Saturday, February 25, 2017

Mixing a set of Munsell Neutrals in Oils






 

My next exercise using Munsell was to make a set of neutral grays using the Munsell gray scale from the student book. Here is the process of making the neutral grays. 

1. Mix all 9 values using black and titanium white. These are your cool grays. 
2. Mix all 9 values using raw umber and titanium white.  These are your warm grays. 
3. Now starting with value 9, mix the value 9 warm gray with the value 9 cool gray until you get a visually neutral gray.  A visually neutral gray does not lean toward warm or cool.
4. Do this with all the other values. 
 
I actually made each value separately and in large amounts, then tubed them in empty tubes to use in my work!

Friday, January 27, 2017

Plotting Color on a Munsell Color Wheel







Munsell Color Wheel using oil paints


The Munsell Student Color Book and Gradon Parrish, artist and Munsell color expert, recommend as a learning exercise creating a Munsell color wheel. I have worked long and hard and have completed my color wheel (see above) following the directions in the Munsell book and from students that attended Graydon's color classes. The large color circles on the wheel represent the Munsell hues in each of the hue sets in the Munsell book at their highest chroma ( that can be obtained in paint).

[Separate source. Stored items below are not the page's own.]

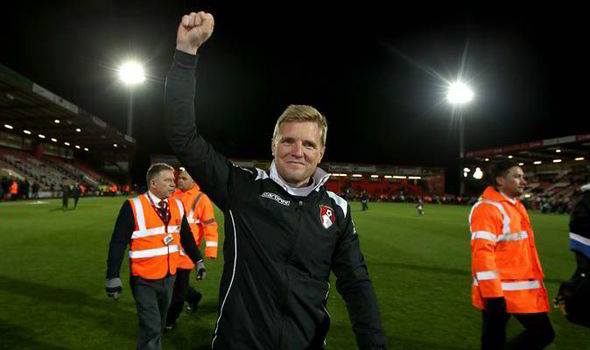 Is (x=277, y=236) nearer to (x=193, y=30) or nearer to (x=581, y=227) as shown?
(x=193, y=30)

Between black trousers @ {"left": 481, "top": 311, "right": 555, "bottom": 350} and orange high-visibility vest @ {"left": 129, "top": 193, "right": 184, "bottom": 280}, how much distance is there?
284 cm

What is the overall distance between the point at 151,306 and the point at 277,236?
7.43 feet

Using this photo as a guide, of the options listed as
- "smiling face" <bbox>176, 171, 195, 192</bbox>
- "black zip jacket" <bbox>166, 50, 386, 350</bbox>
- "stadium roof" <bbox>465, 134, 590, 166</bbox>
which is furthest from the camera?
"stadium roof" <bbox>465, 134, 590, 166</bbox>

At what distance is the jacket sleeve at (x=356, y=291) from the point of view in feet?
6.04

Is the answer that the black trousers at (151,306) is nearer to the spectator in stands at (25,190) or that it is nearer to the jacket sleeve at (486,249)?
the jacket sleeve at (486,249)

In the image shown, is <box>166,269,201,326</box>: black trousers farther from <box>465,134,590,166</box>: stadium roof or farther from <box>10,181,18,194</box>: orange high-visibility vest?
<box>465,134,590,166</box>: stadium roof

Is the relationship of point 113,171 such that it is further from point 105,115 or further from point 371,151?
point 371,151

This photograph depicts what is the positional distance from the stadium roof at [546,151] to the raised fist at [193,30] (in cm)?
4272

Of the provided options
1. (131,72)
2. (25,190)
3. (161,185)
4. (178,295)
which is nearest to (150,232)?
(161,185)

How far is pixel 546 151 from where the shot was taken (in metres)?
45.2

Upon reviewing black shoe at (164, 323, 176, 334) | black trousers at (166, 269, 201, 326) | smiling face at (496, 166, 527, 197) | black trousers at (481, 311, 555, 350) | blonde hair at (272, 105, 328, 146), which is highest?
blonde hair at (272, 105, 328, 146)

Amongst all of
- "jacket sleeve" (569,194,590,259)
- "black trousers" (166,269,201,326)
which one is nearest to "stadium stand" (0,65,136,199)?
"black trousers" (166,269,201,326)

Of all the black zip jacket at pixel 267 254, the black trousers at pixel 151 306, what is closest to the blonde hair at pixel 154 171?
the black trousers at pixel 151 306

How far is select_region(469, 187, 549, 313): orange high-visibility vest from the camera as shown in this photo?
3.20 m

These colors took extensive time to mix by using the hue chips from the student color book.

The smaller color circles are colors directly from the tubes of paint colors I own. I plotted those on the wheel using my knowledge of their hue, value, and chroma and the Munsell colors chips. This exercise really helped me begin to understand the complexities of mixing colors and trying to get the correct hue, value, and chroma. It also helped me see the range of colors (color gamut) and strongest chroma I could obtain from my palette. Now with the color chips and my new color wheel, color mixing and adjusting chroma should be a little easier. Some of the great notes from the student book regarding color mixing and the 3 ways to adjust chroma will also help me when mixing a desired hue. For me Munsell color makes a lot of sense!

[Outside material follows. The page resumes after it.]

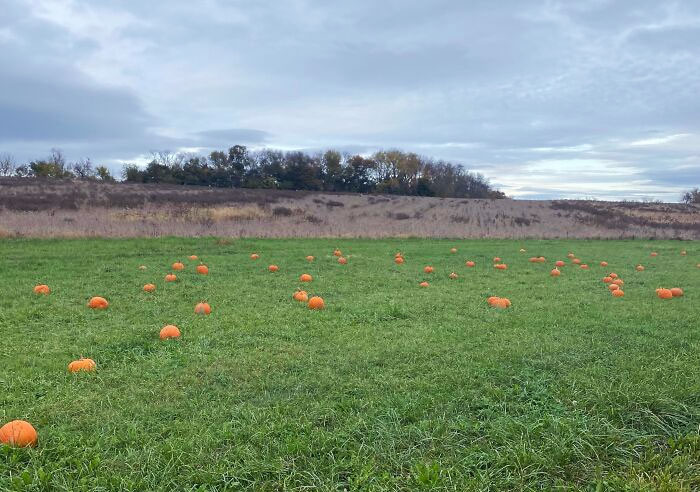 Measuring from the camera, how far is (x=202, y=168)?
62.6 m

Tuesday, December 20, 2016

Frank Reilly and Value Scales Part 3






The above shows the value scale we used to find the values of our three cubes from the previous post. I have added the half tones and how they fit on this scale. Half-tones are just what they describe, half dark and half light. So if value 4 is the separation of light and dark you go out 5 units on the light side from value 4 on our scale and 5 units on the shadow side. This is where the half tones would lie. Draw an arrow straight upward to find the paint value. 
 
 

 
Here is a photo of my cubes but remember this time I'm not copying the values. I'm using the set values in the diagram about. 
 
 
 


Here is the painted result of my plotted value structure using Reilly's method in my diagram above. I found the half-tone values by using the objects local value. Let's use the #5 value cube as an example. Where is #5 on my half tone scale? Move the arrow straight upward to the paint scale. It's about value 4.5.  That is now the plotted half-tone value of the top of the #5 cube.  

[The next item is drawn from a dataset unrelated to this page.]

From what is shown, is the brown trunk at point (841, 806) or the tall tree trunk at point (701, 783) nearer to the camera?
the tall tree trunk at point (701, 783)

I do think the blocks turned out looking pretty realistic but going forward I need to work on getting my background to better correspond with the lighting I'm using. As always step back from your work constantly to adjust things accordingly. I'm really happy to have learned a little about how this works and think I will continue my study of the Reilly method. I think it will help with planning values and using relationships in my work not just copying them.  It sure has made me see thru this experiment what is happening with objects in light and shade and the difference is the 'local' value of the object, not the object's color.  The local (home) value and the type and position of the light are, as Reilly states, is THE most important when trying to capture nature, not the local color.



Wednesday, December 14, 2016

Frank Reilly and Value Scales Part 2

                                                                                                                     
 


I found some of my answers I think studying these 2 excellent books (above),  Jack Faragasso, Students Guide to Painting (hard to find a copy) and A. Dorian, Values for Pictures Worth a Thousand Words (Amazon).  Both of these books teach the Reilly's system of light and shade and the way he plotted value systematically on a value scale depending on the quality and direction of the light source. 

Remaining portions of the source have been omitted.